Only a few more days, and then you’ll go to the halfway house. Halfway between release and the restitution center. They kept you in the county jail first, halfway between the street bust and a chance for restitution. From your cell on the women’s block you heard the male inmates yelling and banging their bars, all night long.
As I drive the culturally denuded streets away from the downtown core of this county seat and its governmental high-rises, I know that I am part of the landscape now. As surely as if it was me walking the spittle sidewalks, and crossing furtively the angry intersections as though my life depended on it.
Like I became part of the strip-mall restaurant where you pulled graveyard while punching a clock at the local methadone clinic, anxious not to miss your dose. Connected now to these places I would never have known, which I’ll never visit again without recalling the time of our lives when you were addicted.
The upstairs bedroom is where you slept days during the graveyard year, and where, under my roof, you went off the “done” and back onto the street drugs. You ran the table when they pulled you over that warm September night after I’d lost contact with you again: meth, heroin, “oxy.” During medical detox you puked blood.
I’ve read two textbooks, been to the trial dates, the mediation sessions, the meetings, and I’m in this with you now. A fellow traveler who struggles to grasp the void of love and esteem that brought us to these places, my parental complicity like a scorched spoon under a bed. Part of your treatment involved exonerating me, but a father will always wonder.
It wasn’t like your trajectory was ignored. Diversion classes after a high school minor-in-possession charge, me thinking, it’s just booze. A well-regarded adolescent psychiatric counselor and a physician specializing in addiction were both retained.
But the quality of the crew you ran with plummeted, you dropped out, and when you reached the age of maturity, the state stepped in. I became an interested bystander, driving to and from government buildings.
I’ll remember the women in restitution, daughters like you, moms, wives and sisters, revealing their drugs of choice and days clean on Family Night. Mug shots were shared; I had to look twice to see you in yours.
I’ll remember, darkly, the man who got you started on the needle, how I hated him, and how his subsequent 25-to-life sentence received for something he did after you were safely locked away doesn’t make that big a difference now.
♦◊♦
I’m driving away from restitution, having dropped off a carton of cigarettes, and the coat you’ll need to take to the halfway house. I think that someday we will drive though this place together.

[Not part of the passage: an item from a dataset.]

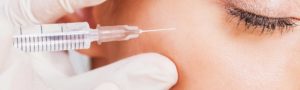 Injection d'acide hyaluronique pour le volume du visage à Lyon - Dr Corniglion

For you it will be a memory of rock bottom, the loss of freedom, and, hopefully, the turn-away from drugs.
For me it will always be a bittersweet place where I did not let go.
On April Fool’s Day you’ll leave the halfway house, barring complications. They’ll cut you loose, or at least as loose as a twenty-something who owes the state a lot of money, has no driving privileges, and is sentenced to three years probation can be.
I wonder where you will go. Maybe you’ll live here again, upstairs.
Another chance. I think I’m getting you back, hollowed in some lost place of your own, but it’s you, praise be, it is you.